There are two major types of site maps, and you need both:
- An HTML site map is a standard web page that is public facing and intended to help real people
- An XML sitemap is a file written in computer code (Extensible Markup Language) that’s written only for search engines and is not public facing. It isn’t linked where people can find it, and most people couldn’t understand the code even if they found the file.
Note the different spellings: HTML site maps use “site map.” XML sitemaps use the term as one word, “sitemap”.
HTML Site Maps
HTML site maps are intended to make a visit to your site easier for your visitors. People navigate the web in different ways, so you want to give them multiple ways to find your content. Some people like the discovery process of going through menus and following links, but some of your visitors will be very task-focused and will want to go directly to the content they care about. A site map lets this latter audience find specific pages without having to go through menus or other navigation. Since HTML site maps are treated like any other web page on your site, they’re also a good way for search engines to discover more of your pages.
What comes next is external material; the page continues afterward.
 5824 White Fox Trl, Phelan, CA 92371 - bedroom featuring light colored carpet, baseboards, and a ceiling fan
In general –
- If your site has fewer than 200 hundred pages, you can include everything in one site map
- If your site has more than 200 pages, consider a main site map that has the top level pages and links to category-specific site maps
Your task-oriented visitors aren’t there for pretty graphics, they don’t want to read paragraphs of text, and they don’t want to spend a lot of time trying to figure out what link they should click. Give them a nice, clean layout with logical headings, subheadings, and page names. Apple does a really good job with their site map. It’s categorized into major categories, such as iPod:
An XML sitemap is a file created specifically for search engines. Having one won’t guarantee the search engines will index all of the pages in your site and won’t influence how the pages rank, but it is the quickest and easiest way for search engines to learn about your pages and give you the best chance to get them indexed.
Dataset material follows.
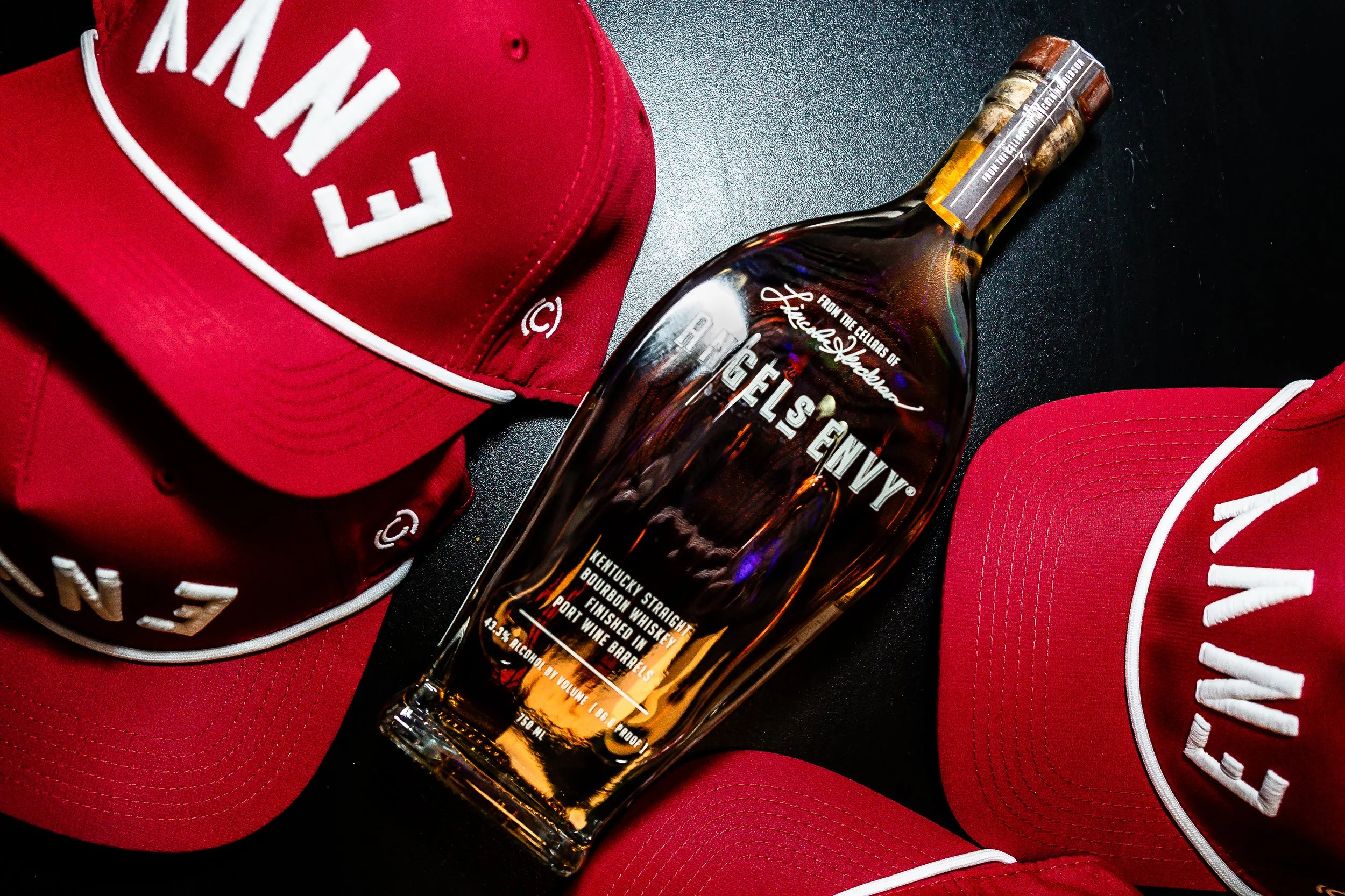 A bottle of Angels Envy bourbon surrounded by three red New Waverly baseball caps with white embroidery on a black surface.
Since sitemaps are intended for search engines instead of human visitors, there is a specific format for the file that you need to follow. The sitemap must:
- Begin with an opening <urlset> tag and end with a closing </urlset> tag
- Specify the namespace (protocol standard) within the <urlset> tag
- Include a <url> entry for each URL, as a parent XML tag
- Include a <loc> child entry for each <url> parent tag
- All other tags are optional
- All URLs in a Sitemap must be from a single domain, such as www.example.com or store.example.com
You can see examples and all of the options at: http://www.sitemaps.org/protocol.html
Once you have your XML sitemap ready, upload it to Google Webmaster Tools by going to Optimization > Sitemaps and choosing Add/Test Sitemap.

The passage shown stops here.